While the company says it has 138 products, Hughes’s original Formula 1 shake still accounts for 29 percent of sales sold worldwide through 2.7 million distributors.
Of those distributors, only 20 percent become so-called “sales leaders,” which mean they buy enough products to qualify for bigger discounts and impressive titles, such as “supervisor” or “world leader.”
Most distributors quit
Yet after paying the company from hundreds to thousands of dollars, most distributors quit. “Our distributor organization has a high turnover rate, which is a common characteristic found in the direct selling industry,” says Herbalife in its 10-K.
Until 2006, the company disclosed a turnover rate of 90 percent. It now merely says that “typically” distributors “who purchase our product for personal consumption or for short term weight loss or income goals may stay with us for several months to one year.”
In addition, more than half of all sales leaders don’t make it past a year, according to SEC filings.
Even among sales leaders, the income for most is meager. While the company’s “business opportunity” literature touts a “generous compensation plan” and shows success stories of people who have created “thriving” businesses, the fine print tells another story: According to “the statement of average gross compensation” link at the bottom of the company’s main “businesses opportunity page” on its website, “The annual gross compensation paid by Herbalife to all Leaders during 2011 averaged $2,900.” The biggest group of all sales leaders, supervisors, earned an average of $901.
Herbalife has no sustainable customer base,” insists Robert Fitzpatrick, author of “False Profits,” who also operates the website, Pyramid Scheme Alert.
What about the Federal Trade Commission?
What about the FTC?
The Federal Trade Commission, for its part, has filed few cases against multi-level marketing firms in recent years. In March it won a case against BurnLounge, a small online music retailer, which was deemed an illegal pyramid scheme. Before that, its last big case was in 2000 against the now-defunct Equinox International.
One reason there are so few multi-level marketing cases now, Vladeck says, is that the commission doesn’t receive many complaints. With Herbalife, for example, so far this year it has received only 18 complaints, many of them immaterial. Last year there were 37, and most of those related to unsolicited phone calls. The year before that — 36, nearly triple 2009; in 2006 there was only one.
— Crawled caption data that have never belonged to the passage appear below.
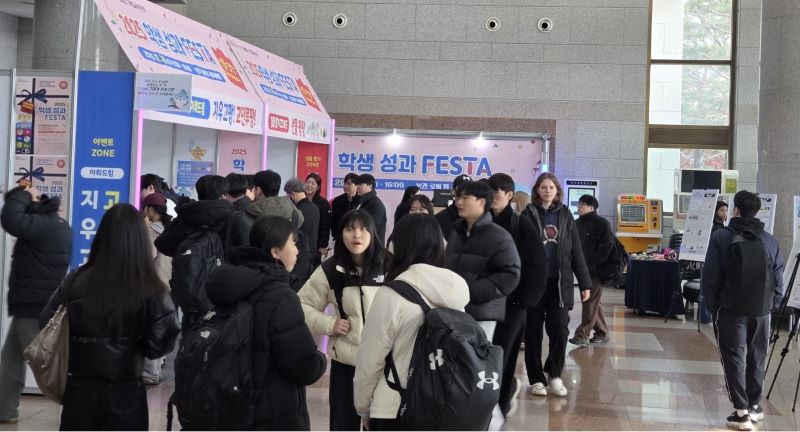 ▲ ‘2025학년도 학생성과 페스타’가 개최돼 많은 학생들의 관심을 받고 있다.ⓒ선문대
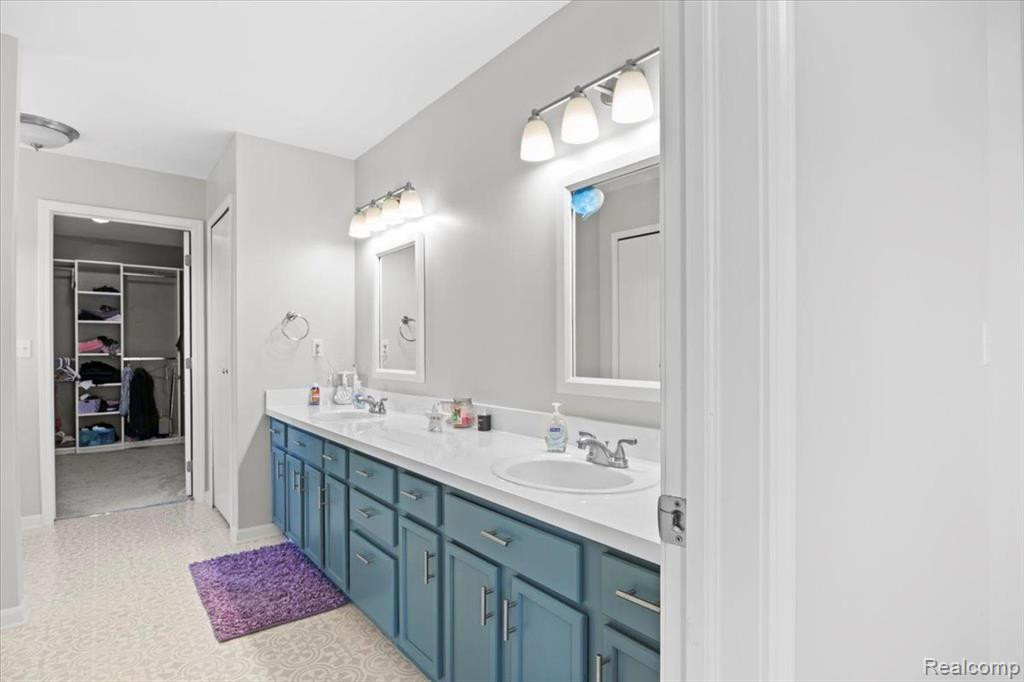 42208 CAMDEN Road, Belleville, MI 48111 — Photo 22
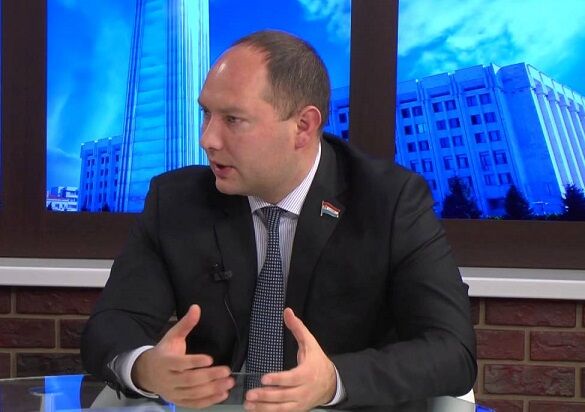 Кандидат Маряхин признался, что лежит с огнестрельным ранением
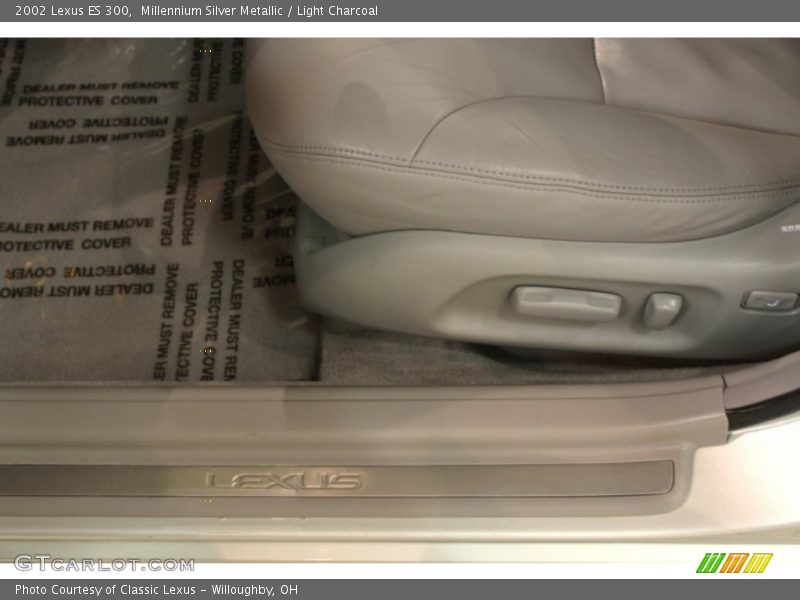Millennium Silver Metallic / Light Charcoal 2002 Lexus ES 300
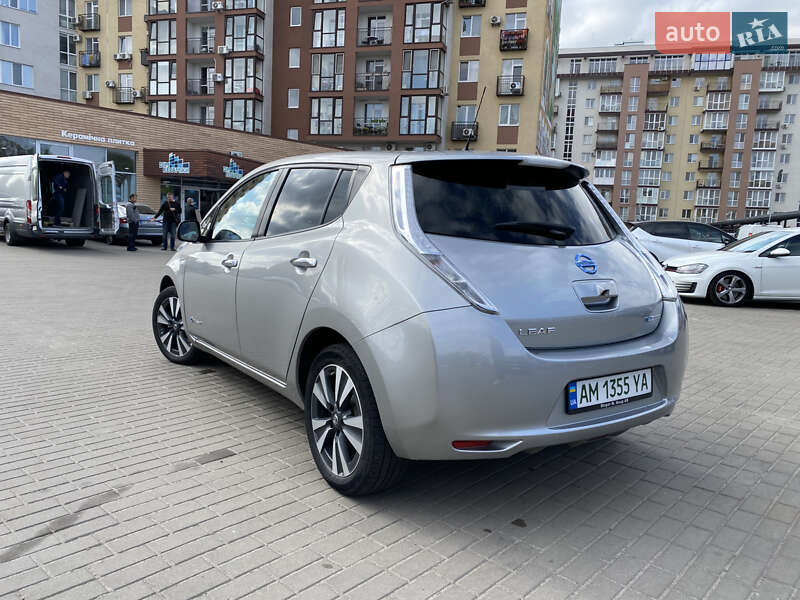 Хетчбек Nissan Leaf 2015 в Житомирі фото 9 Хетчбек Nissan Leaf 2015 в Житомирі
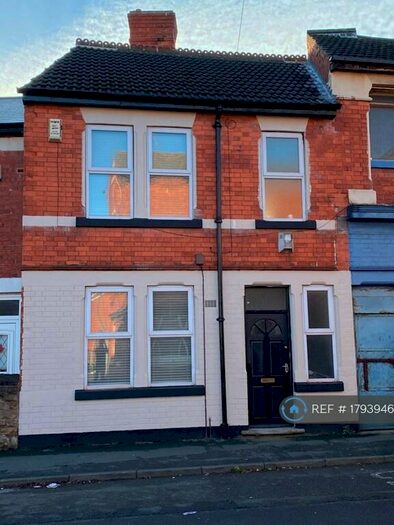 2 Bedroom Terraced House To Rent In Commercial Road, Nottingham, NG6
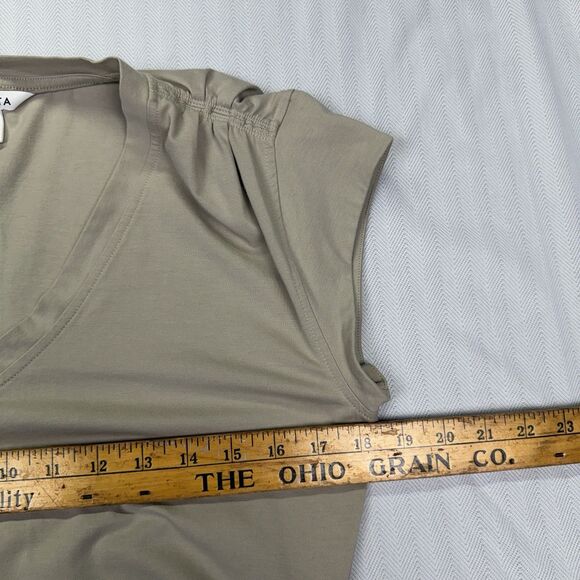 Athleta Effortless Tee Athletic Dress M Beige Cap Sleeve Stretch Tennis Active - Picture 10 of 10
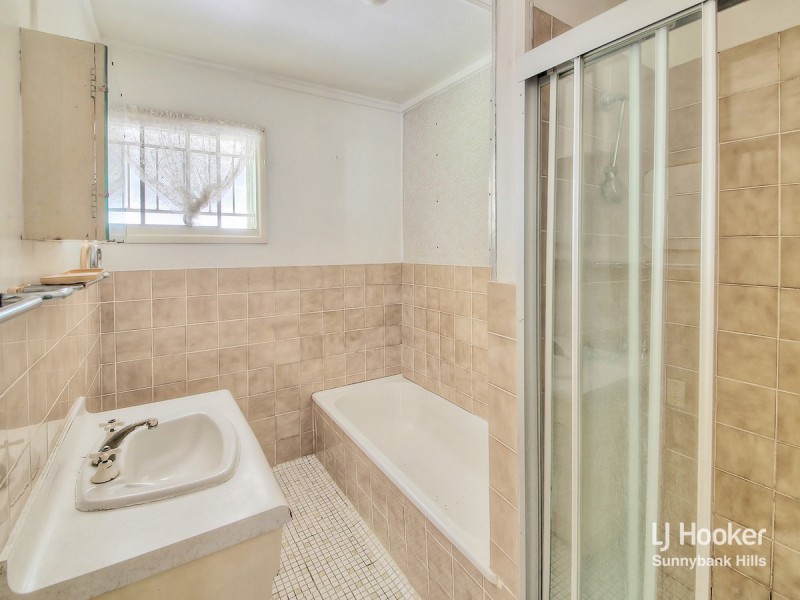 2 Albert Street, Woodridge QLD 4114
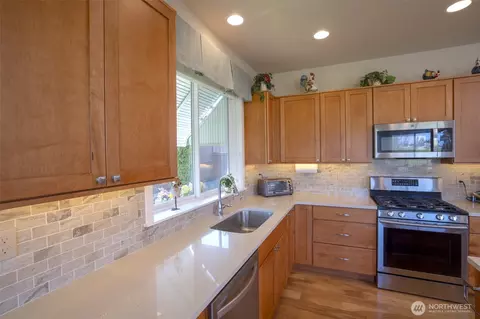 Kitchen - 71 Lillian Ridge Dr, Sequim, WA 98382 photo 4 of 5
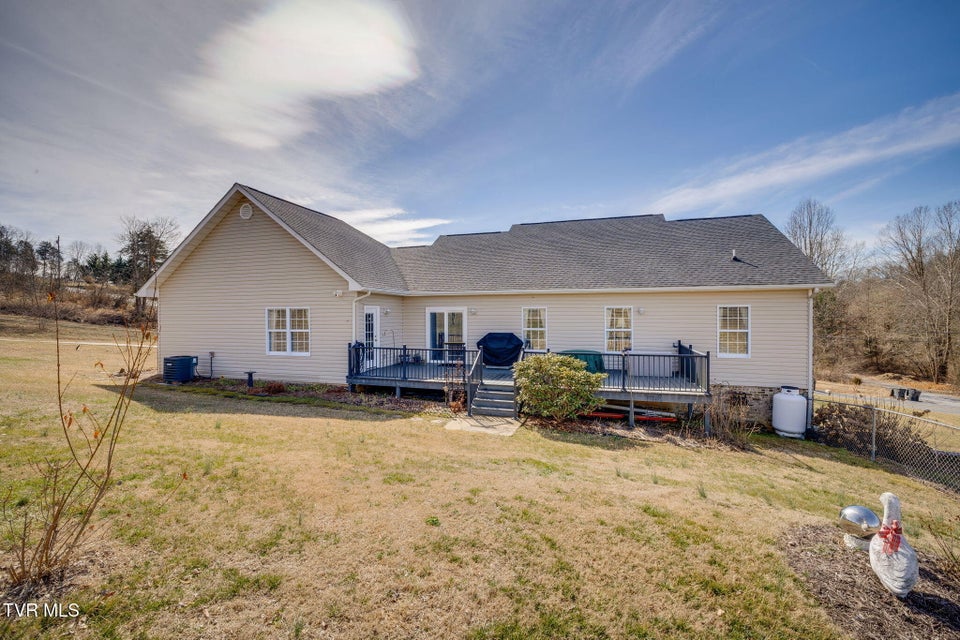 Photo #48: 1121 Wahoo Valley Road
Vladeck says that while up sharply, such numbers amount to a “puddle,” making it hard for the FTC to justify a deeper look.
Why so few complaints? Any number of reasons.
For one, the company may not be doing anything wrong.
But there are other reasons that should probably be considered as well. The theme I’ve heard most from distributors in my reporting: A mix of embarrassment and the feeling that even if they do complain — nothing happens.
One former distributor, Nicole Lopez of Provo, Utah, who says she lost money on Herbalife, says she was told she was getting involved with “a proven business model — and the only variable is you.”
Fitzpatrick, who has tracked pyramid schemes for 14 years, adds that people have stopped complaining “because they feel it is futile to complain because the FTC has stopped investigating. States have taken their cue from the FTC and they will not take on these companies. Meanwhile the companies have lawyered up, gotten far larger…and have convinced millions of people that if they failed it was their own fault.”
No disclosure of failure rate required
To complicate this a little further: An important part of the Herbalife and multi-level marketing story is the Federal Trade Commission’s new Business Opportunity rule, which went into effect in March after five years of deliberation.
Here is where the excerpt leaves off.